When you restate the entries that follow, keep every word exactly and drop the pictures.

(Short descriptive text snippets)
# # # # # # #

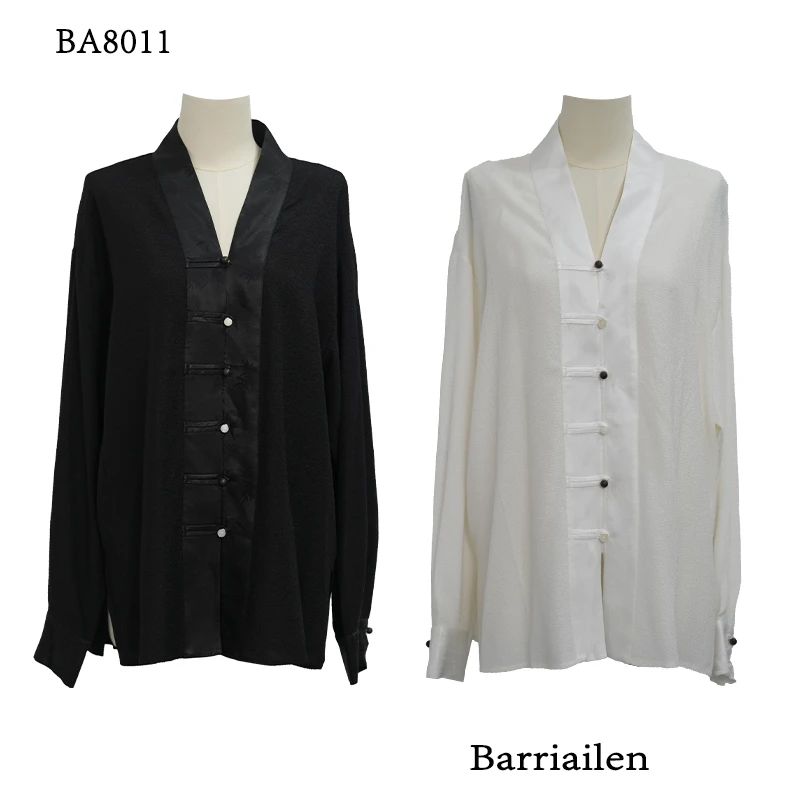 BARRIAILEN | 新中式国风气质休闲V领开衫衬衫-248011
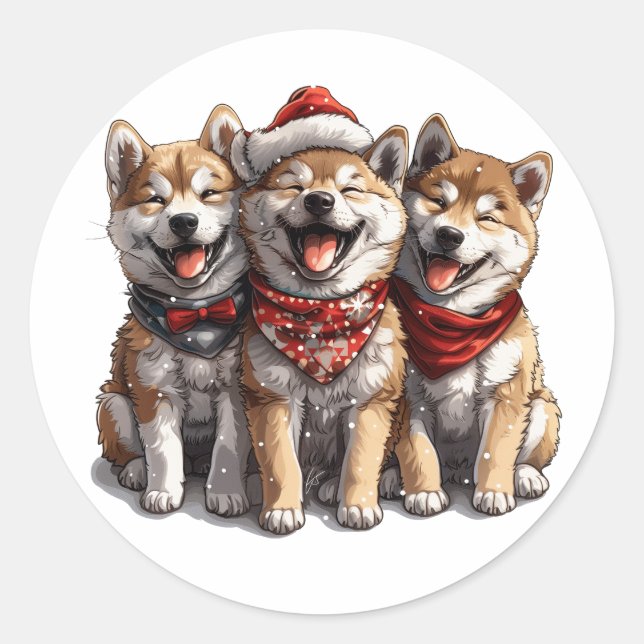 Pegatina Redonda Navidades Shiba Inu Santa Dogs (Anverso)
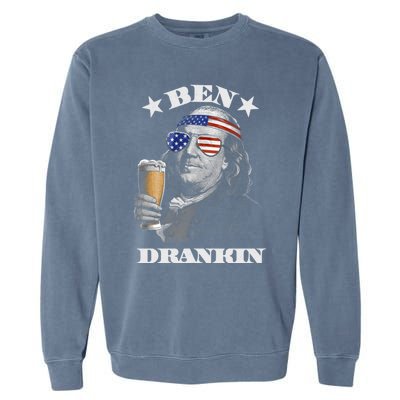 Ben Drankin 4th Of July Patriotic Us Flag Ben Drankin Cute Gift Garment-Dyed Sweatshirt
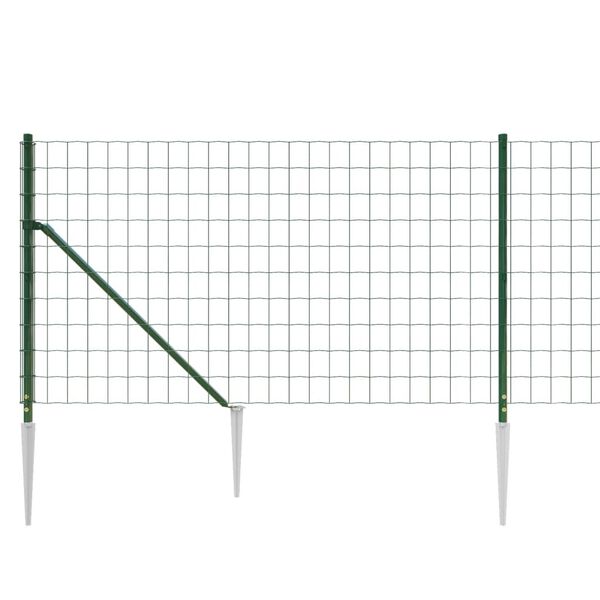 vidaXL Wire Mesh Fence with Spike Anchors Green 3.6x32.8'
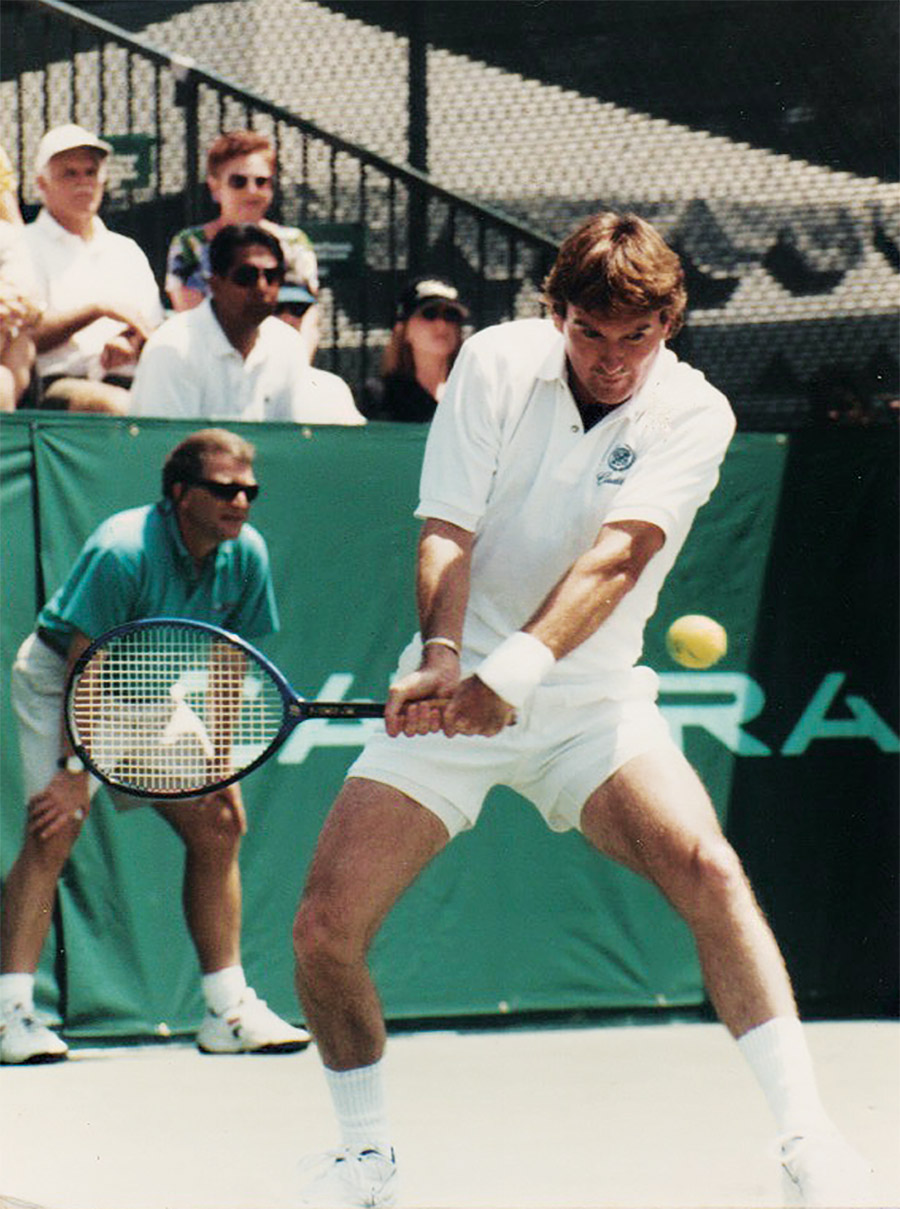 Bob Christianson officiates a Jimmy Connors match in Southern California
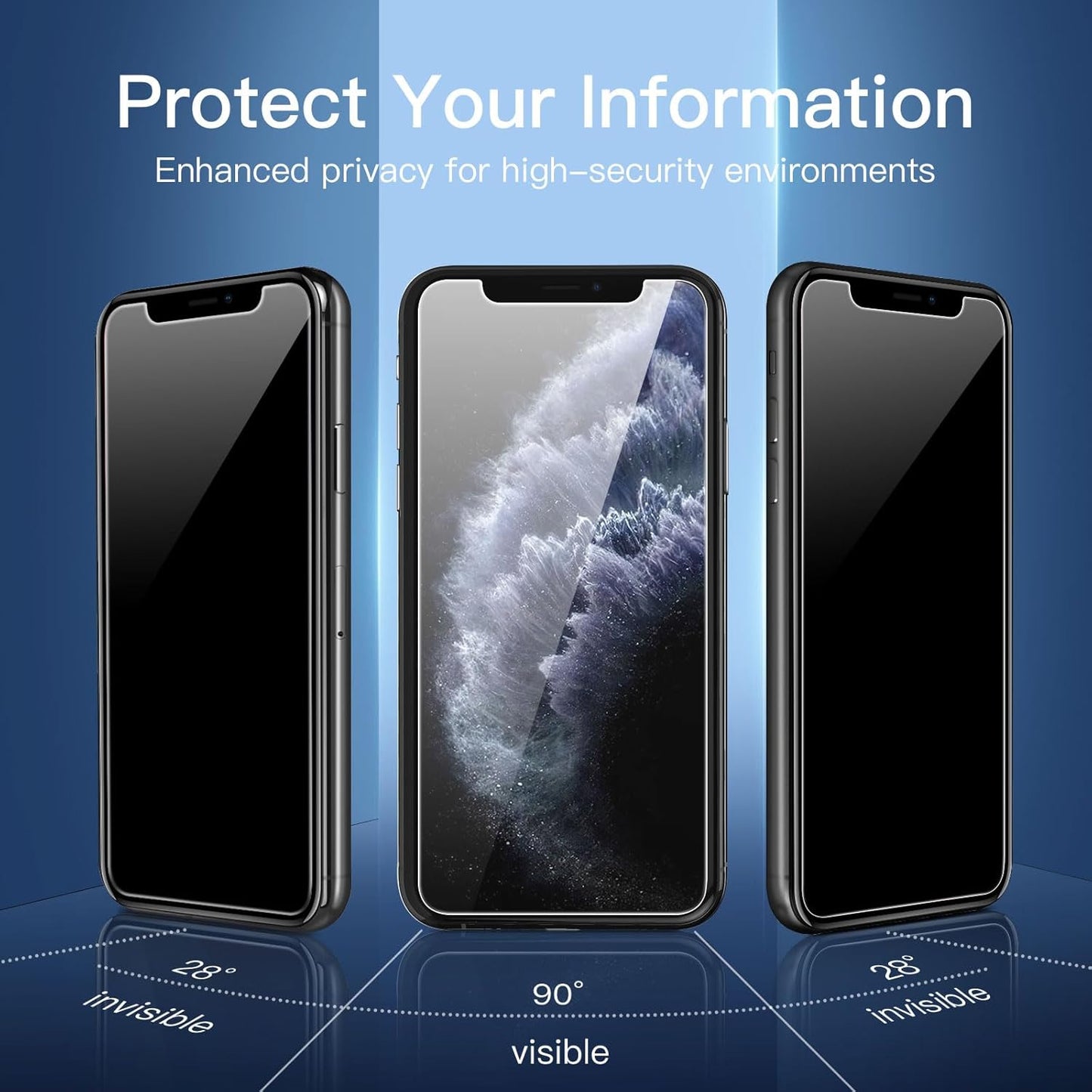 NEW'C 3 Pack Privacy for iPhone 11 Pro, iPhone X, iPhone XS Screen Protector (5.8"), Enhanced 28-Degree Privacy Angle, Ultra Durable 9H Hardness, Bubble-Free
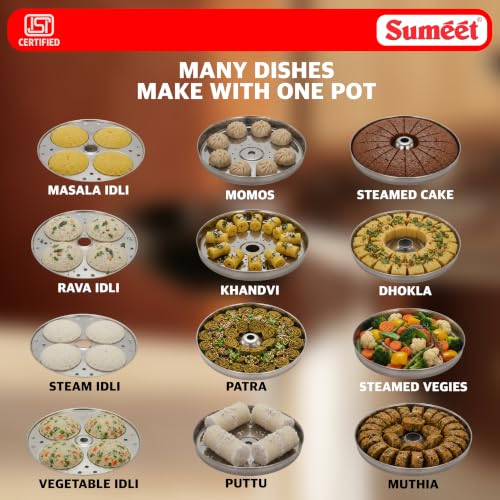 Image of Sumeet ISI Certified Stainless Steel Steamer Pot with Glass Lid, 4 LTR | Induction & Gas Compatible Multipurpose Pot, Includes 4 Idli Plates, 2 Dhokla /Patra, 2 Momo /Modak, Heavy Bottom, Stackable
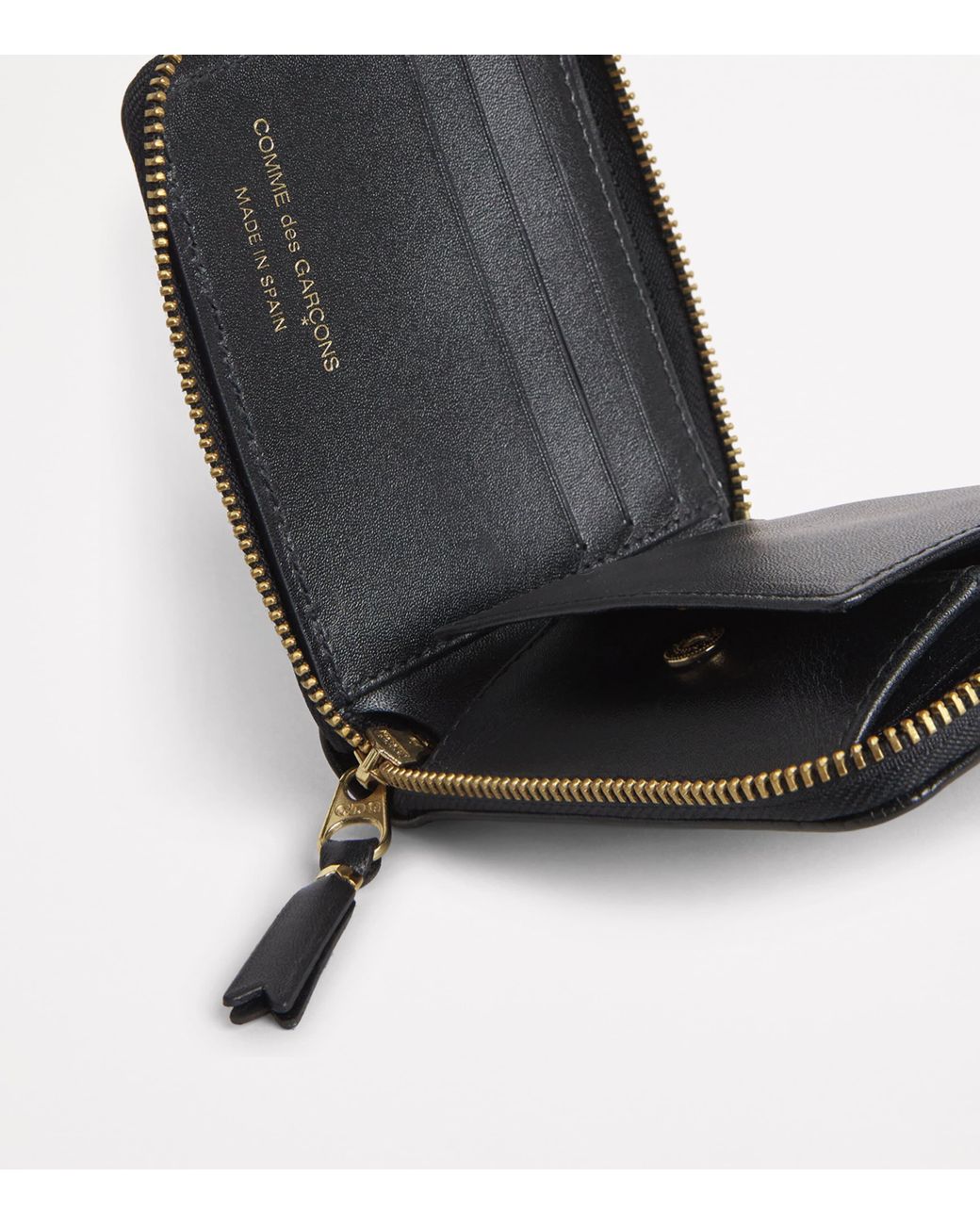 Comme des Garçons Black Leather Polka-Dot Zipped Wallet for men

# # # # # # #

• _Finished task_:
 BARRIAILEN | 新中式国风气质休闲V领开衫衬衫-248011
 Pegatina Redonda Navidades Shiba Inu Santa Dogs (Anverso)
 Ben Drankin 4th Of July Patriotic Us Flag Ben Drankin Cute Gift Garment-Dyed Sweatshirt
 vidaXL Wire Mesh Fence with Spike Anchors Green 3.6x32.8'
 Bob Christianson officiates a Jimmy Connors match in Southern California
 NEW'C 3 Pack Privacy for iPhone 11 Pro, iPhone X, iPhone XS Screen Protector (5.8"), Enhanced 28-Degree Privacy Angle, Ultra Durable 9H Hardness, Bubble-Free
 Image of Sumeet ISI Certified Stainless Steel Steamer Pot with Glass Lid, 4 LTR | Induction & Gas Compatible Multipurpose Pot, Includes 4 Idli Plates, 2 Dhokla /Patra, 2 Momo /Modak, Heavy Bottom, Stackable
 Comme des Garçons Black Leather Polka-Dot Zipped Wallet for men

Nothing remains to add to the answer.